A essência de uma roadtrip à americana – Dia 4 da invasão dos vinhos portugueses

Uma grande roadtrip é um ritual de passagem para muitos jovens americanos. É, por excelência, um momento de “liberdade”. A oportunidade de conduzir um carro, abrir os vidros e deixar todos os problemas para trás. Com malas atafulhadas de esperança e promessas, olhamos e vemos longos quilómetros de estrada à nossa frente, imaginando uma nova vida de luxúria desenfreada, desejo e paixão.

Jack Kerouac, romancista e poeta, deu à América esta passagem para a aventura. O seu livro “On the Road” permitiu-nos acreditar que tudo era possível: quanto mais se olhasse em frente, procurando por novas oportunidades, nada haveria que nos detivesse.

“The only people for me are the mad ones, the ones who are mad to live, mad to talk, mad to be saved, desirous of everything at the same time, the ones who never yawn or say a commonplace thing, but burn, burn, burn like fabulous yellow roman candles exploding like spiders across the stars.” ― Jack Kerouac, On the Road

Jack deu-nos também o espírito para verdadeiramente vivermos. Ele acreditava que todos aqueles que arriscavam e que desejavam ser eles próprios, genuínos e potencialmente ridicularizados pela sua loucura, seriam aqueles com quem valeria a pena fazer amizade. Porquê? Porque tinham a coragem e a audacidade de serem eles próprios. Esses falavam com o coração e com a alma, e, independentemente de quem encontrassem, desejavam abrir os seus braços e dizer “Ei, esta é a minha história!”.
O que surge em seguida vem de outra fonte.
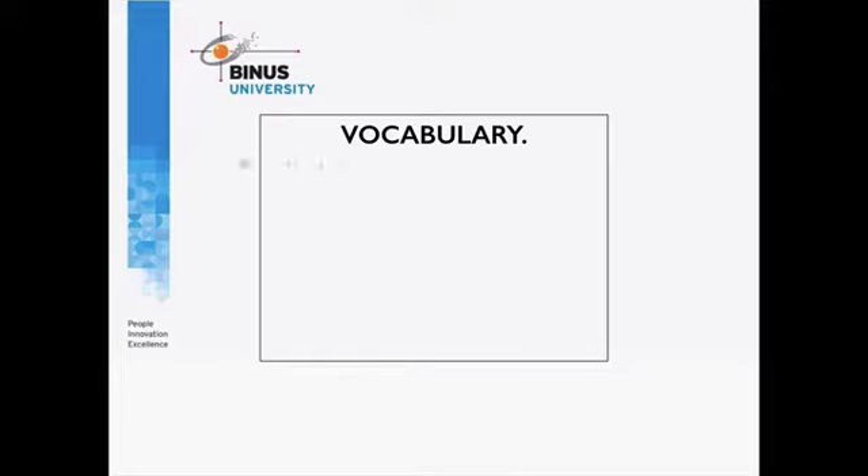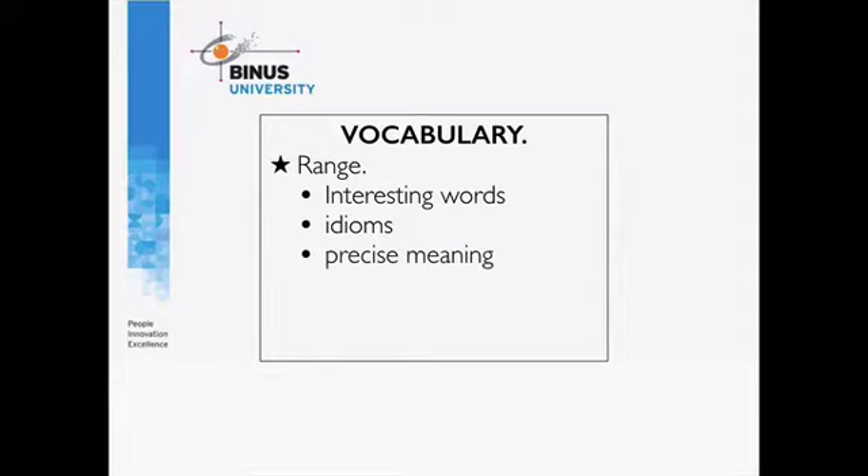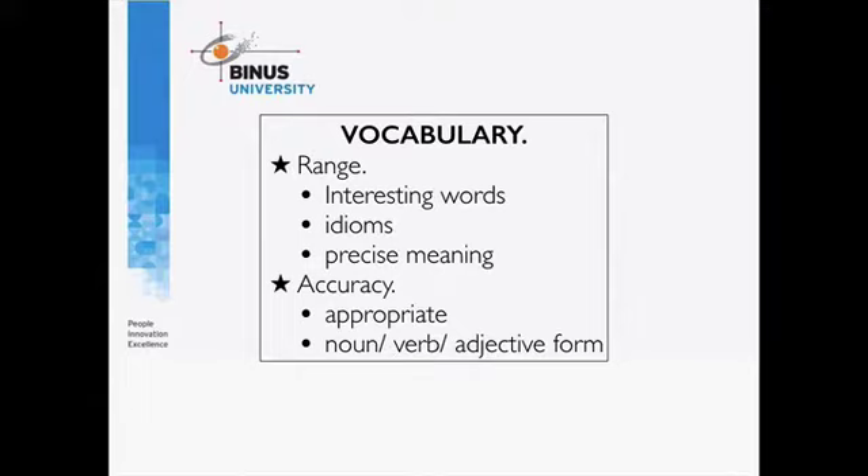Number two is vocabulary. The range of your vocabulary is important — if you have a wider range, you're going to get a higher score. Range refers to using interesting words and idioms. Precise meaning is also something that will improve your score. Accuracy in vocabulary is another important area: whether the words you use are appropriate and accurate in terms of noun, verb, or adjective form.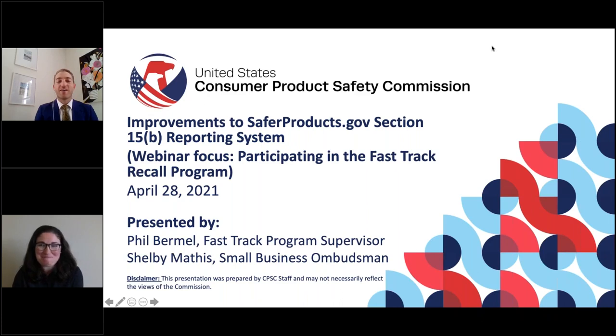Hello. Good afternoon, everybody. Welcome to the webinar for the improvements to saferproducts.gov Section 15B reporting system. This webinar's focus specifically is going to be on participating in the Fast Track Recall program. My name is Phil Burmella. I'm an assistant division director at the U.S. Consumer Product Safety Commission, specifically the supervisor of the Fast Track program.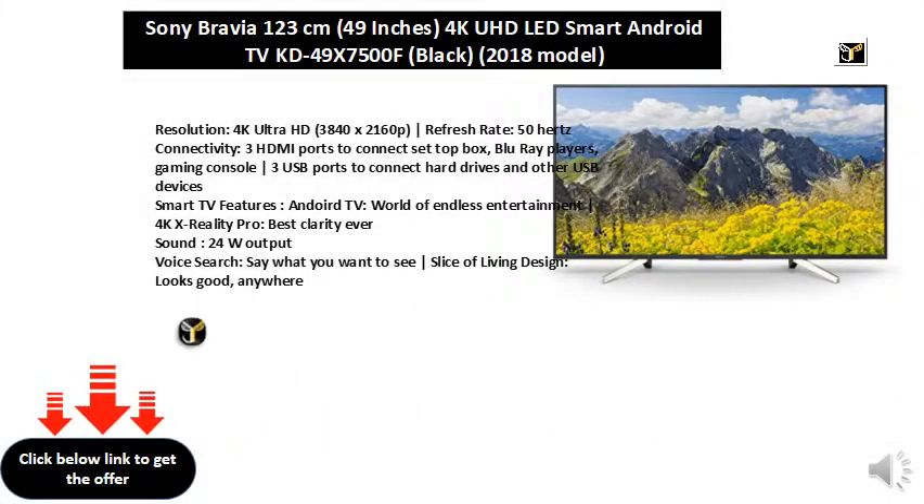Resolution: 4K Ultra HD, 3840x2160p. Refresh rate: 50Hz.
Na nossa viagem à América percorremos o equivalente a duas vezes o território português, mas  ainda temos a sensação de que este dia não foi ao acaso. Isto porque cada um de nós se abriu ao risco, às ideias, às pessoas e a todas as possibilidades. E quanto mais cada um de nós se abre, maior a probabilidade de encontrar realmente o que procura. Porquê? Porque estamos activamente a procurar algo. Hoje, o encontro acidental com um senhor no Indianapolis Motorway Track, que rapidamente nos colocou em contacto com o Professor Ralph Quatrano, que, por sua vez, ajudou Julia Kemper a apresentar o seu vinho Curiosity ao piloto do robot espacial Mars Curiosity… leva-nos a crer que tem havido uma estranha cadeia de coincidências fantásticas!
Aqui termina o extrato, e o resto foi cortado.